_Provided material_:
-*-*-
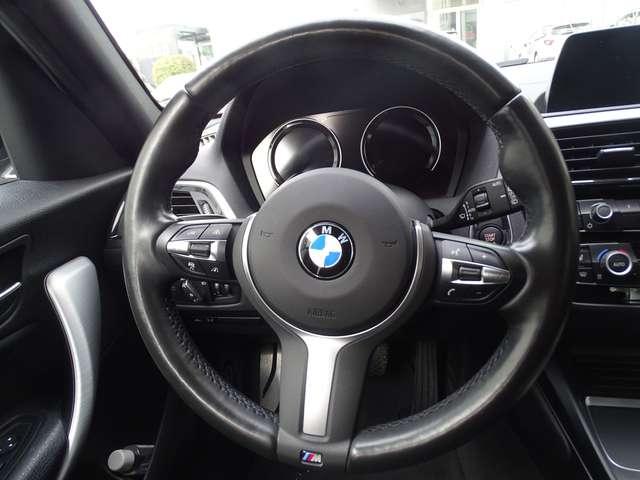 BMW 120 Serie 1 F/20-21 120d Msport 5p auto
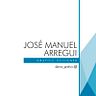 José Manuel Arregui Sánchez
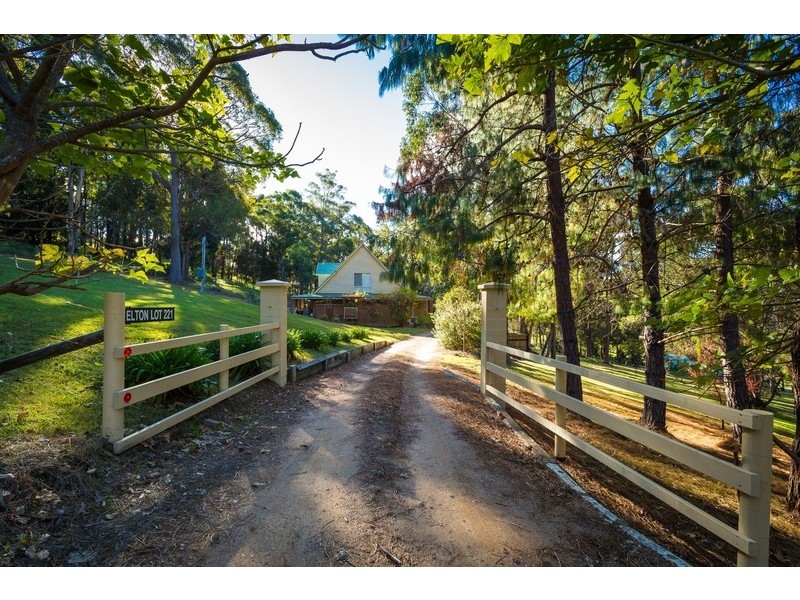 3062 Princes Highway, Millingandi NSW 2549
-*-*-
_Your assignment_: When you repeat the material, keep every word exact and drop the pictures.

_Output below_:
 BMW 120 Serie 1 F/20-21 120d Msport 5p auto
 José Manuel Arregui Sánchez
 3062 Princes Highway, Millingandi NSW 2549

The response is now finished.